## Short web captions
______________________________

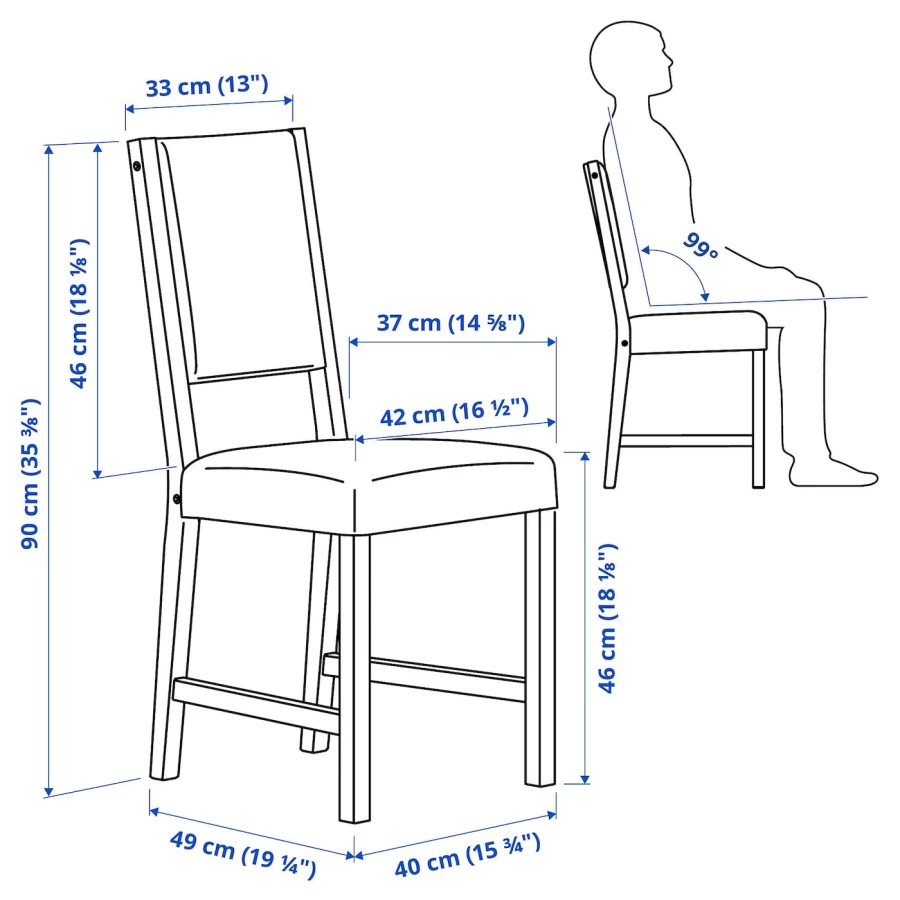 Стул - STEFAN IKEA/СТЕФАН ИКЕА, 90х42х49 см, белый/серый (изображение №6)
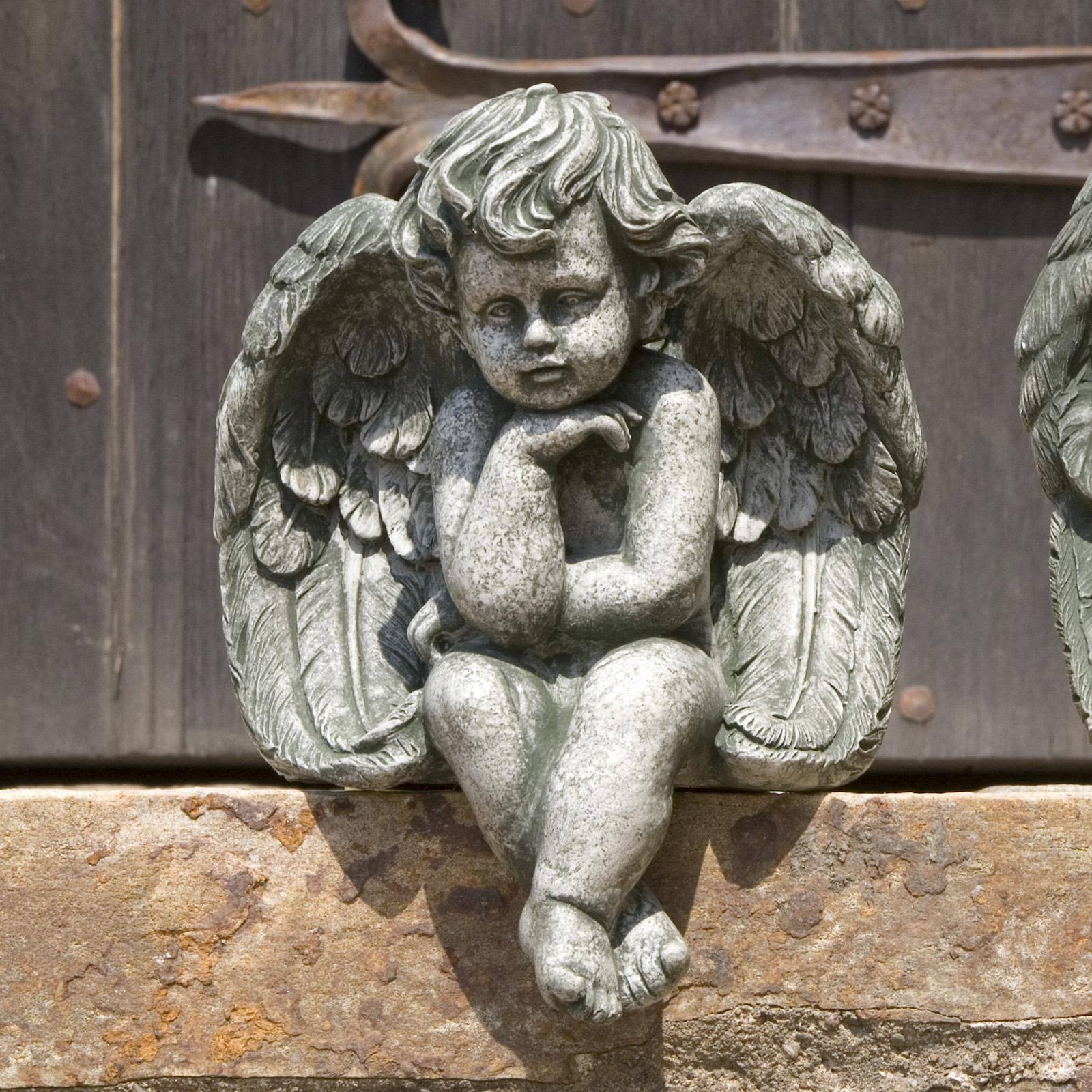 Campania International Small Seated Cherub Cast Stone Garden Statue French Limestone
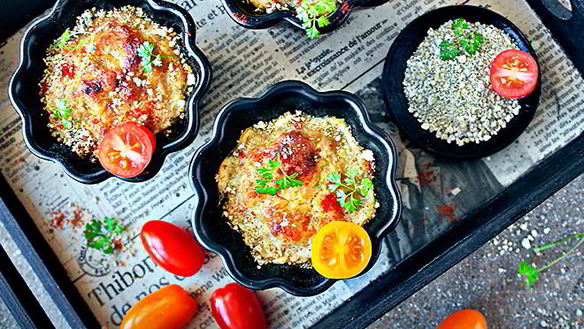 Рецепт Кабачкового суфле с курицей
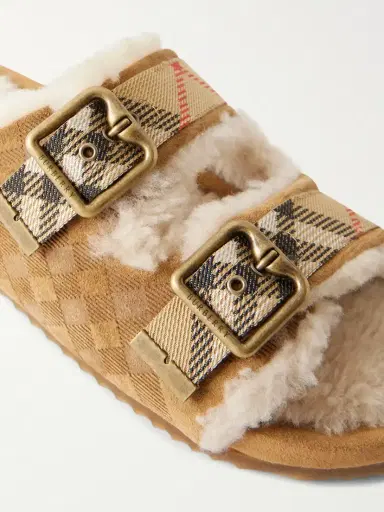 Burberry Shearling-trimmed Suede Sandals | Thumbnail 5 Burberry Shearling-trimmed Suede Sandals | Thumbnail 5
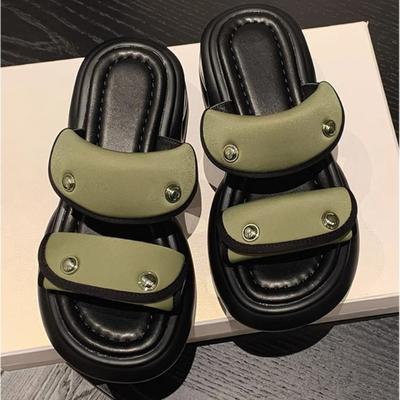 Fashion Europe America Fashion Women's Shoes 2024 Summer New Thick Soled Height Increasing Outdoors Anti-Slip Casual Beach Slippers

______________________________

## TASK DETAILS
What is needed is an exact restatement of every line from the line containing "Campania International Small" through the last line of the records, minus any pictures.

## TASK ANSWER
 Campania International Small Seated Cherub Cast Stone Garden Statue French Limestone
 Рецепт Кабачкового суфле с курицей
 Burberry Shearling-trimmed Suede Sandals | Thumbnail 5 Burberry Shearling-trimmed Suede Sandals | Thumbnail 5
 Fashion Europe America Fashion Women's Shoes 2024 Summer New Thick Soled Height Increasing Outdoors Anti-Slip Casual Beach Slippers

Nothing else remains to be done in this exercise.